• [EXERCISE DIRECTIONS]
Give the data below again exactly as it stands. Omit the pictures.
[INFORMATION PROVIDED — start]
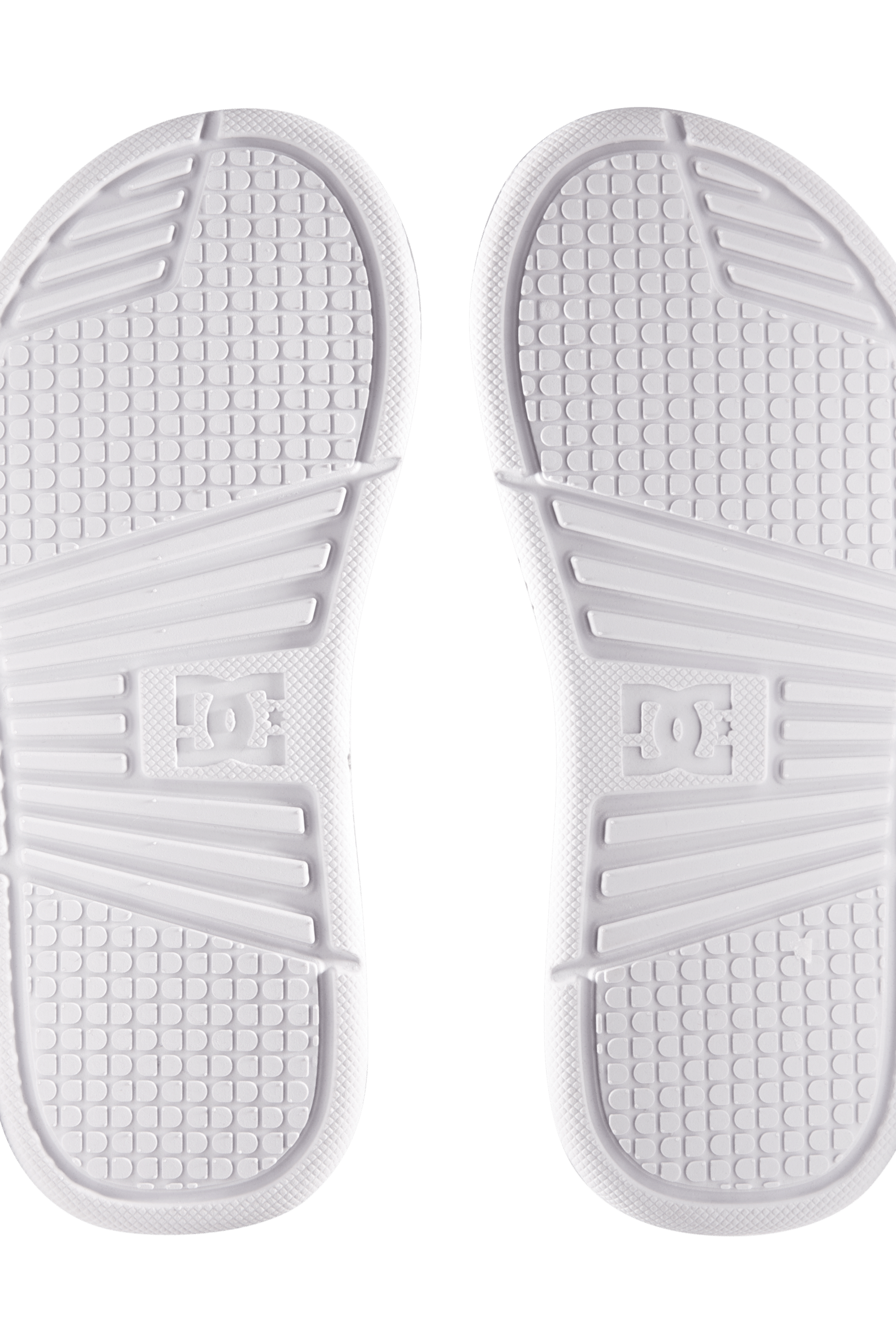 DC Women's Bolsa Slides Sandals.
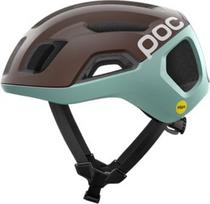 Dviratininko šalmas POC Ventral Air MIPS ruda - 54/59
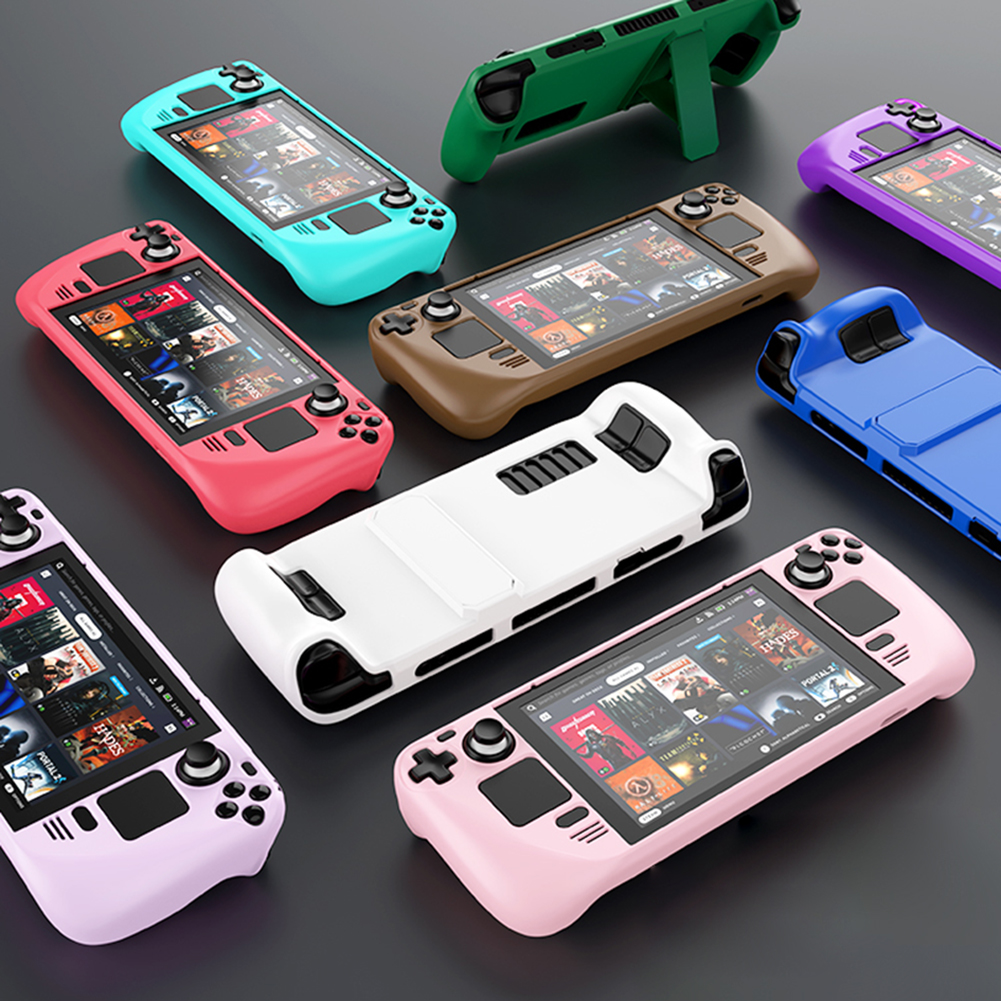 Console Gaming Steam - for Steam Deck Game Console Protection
[INFORMATION PROVIDED — finish]
• [RESPONSE AREA]
 DC Women's Bolsa Slides Sandals.
 Dviratininko šalmas POC Ventral Air MIPS ruda - 54/59
 Console Gaming Steam - for Steam Deck Game Console Protection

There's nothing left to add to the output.